Capco – Madeleine J Howard, Managing Principal & UK Head of Technology Delivery

We interviewed Madeleine J Howard, Managing Principal & UK Head of Technology Delivery/OSS Management at Capco on her thoughts and experience on women in tech.

1. What does your job role involve?

My role has varied a lot over the years as it is shaped and driven by innovation and complex change within financial services. Predominately my experience lends itself to the delivery of large-scale technology focused projects, with a regulatory/audit requirement underpinning those change programmes.
I have been fortunate to lead large teams to deliver a diverse set of solutions and change across multiple client engagements. I currently lead the OSS Management capability for Capco which has successfully implemented Functional Operating Models for the integration of Open Source Software Security Management processes, tools and automation within the financial sectors SDLC cycle.

 

2. What made you choose a career in technology?

If I am honest it initially chose me, and was unavoidable based given the period during which I began my career. Technology was the ‘new’ answer to many high volume/manual operating processes in the mid-1990s and my business, operational and product knowledge enabled me to translate between the two worlds. Despite not actively making the choice initially, I made the decision to remain aligned to technology as it constantly engages me – and I tend to get bored quickly! I also enjoy technology’s transformative potential to enable solutions to a myriad of problems, whether business, product or regulatory in nature, for the benefit of clients and their customers.

 

3. Did you study an IT or technology related subject at GCSE, A-Level or University?

No. I went into banking young, and when I was at school there was no GCSE for computing – the ICT suite was green screen 1 terminal per 10 and basic. The explosion in the use of Microsoft software and the internet in banking only happened around 1993-94. For context, I used basic green screen updates (with no CDU functionality) in my product and operational roles for the first six years before moving into an area call Business, Process, Design and Technology in 1994.

 

4. Did you get any work experience in IT or technology before this role?

That BPDT role was my first role technology experience in a bank and I have remained associated and aligned to Business and Technology Change throughout my career.

 

5. Do you think there is a lack of females in the IT and tech sector?

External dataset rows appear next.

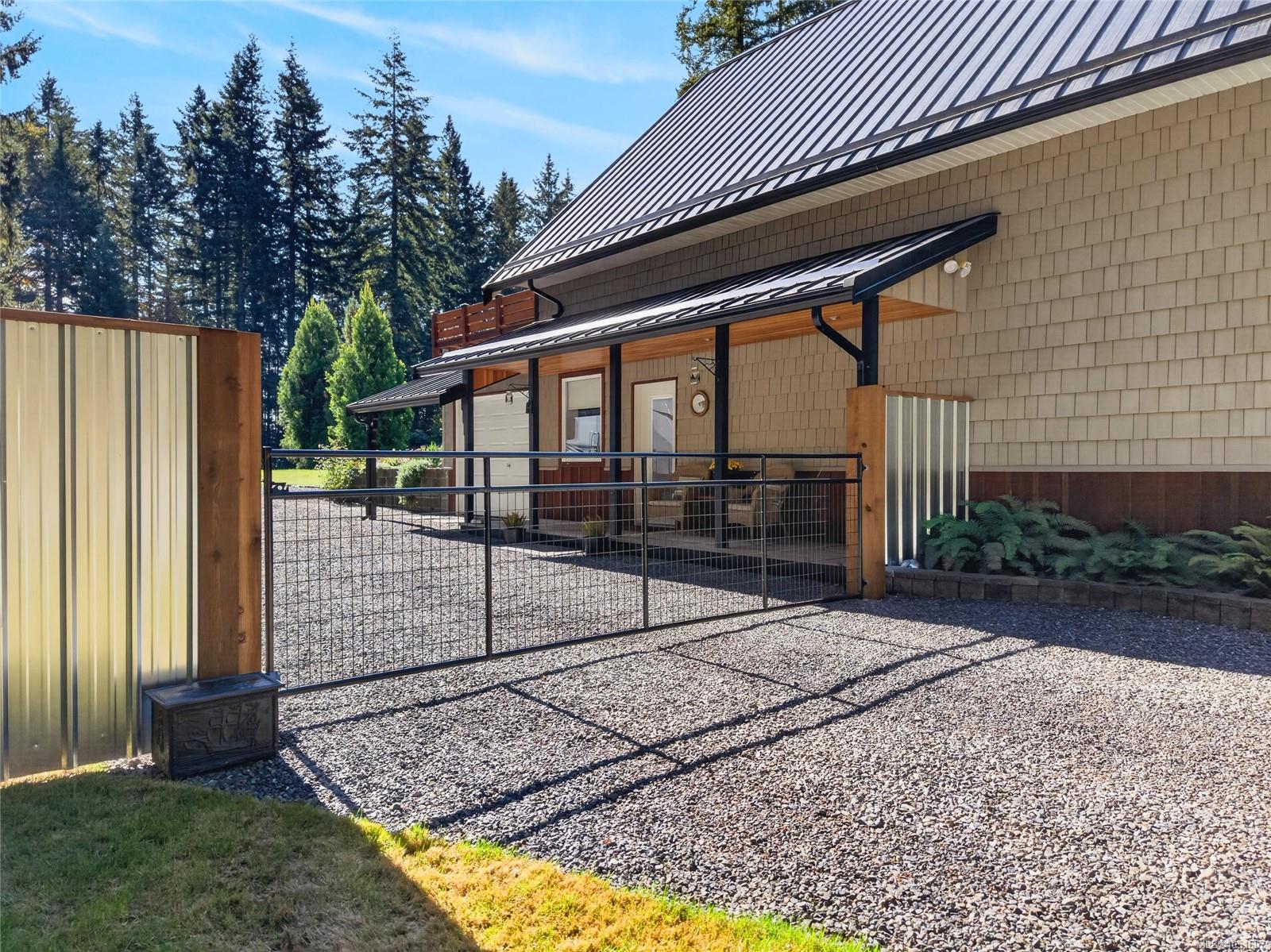 House exterior with a gravel courtyard, metal-and-wood gate, and covered patio entrance.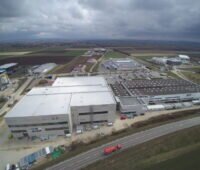 Luftbild neuer Fabrikgebäude in einem Gewerbegebiet an der Autobahn.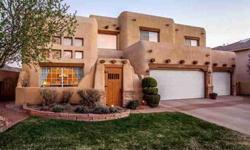 Mountain and city views!Custom southwest Santa Fe style home backs to Bear Canyon open space. Enclosed courtyard. Grand entry hall.Dramatic family room flooded with light with soaring wood celing, vigas, latillas and impressive kiva fireplace.Expansive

I do believe there is a lack of senior female representation in technology. In the Nineties through into the early 2000s that was the case across all levels, so the industry has done well in targeting women early on in their careers to try and rectify that deficit. However, this has not translated into leadership roles, and we need to do better.

 

6. Do you find there is a stereotype that a career in IT or technology is just for men?

Yes, there is a stereotype that technology is deemed too ‘complex’ or uninteresting for women and (sadly) due to this propaganda some women choose not to explore the discipline in earnest.

 

7. What would entice women to study technology related courses?

A simplification and demystification of certain topics would help. There can be an intellectual arrogance associated with technology subjects. I have always had the greatest regard for those male senior technology colleagues who took the time over the years to break down the complexity. On the other hand, I have in the past been tested by male technology Project Managers on my understanding and credentials, despite having a career and CV which matches or extends beyond their own capabilities or skillsets. Fortunately this happens less today, which shows progress is being made.

 

8. Are there barriers when it comes to women getting into tech?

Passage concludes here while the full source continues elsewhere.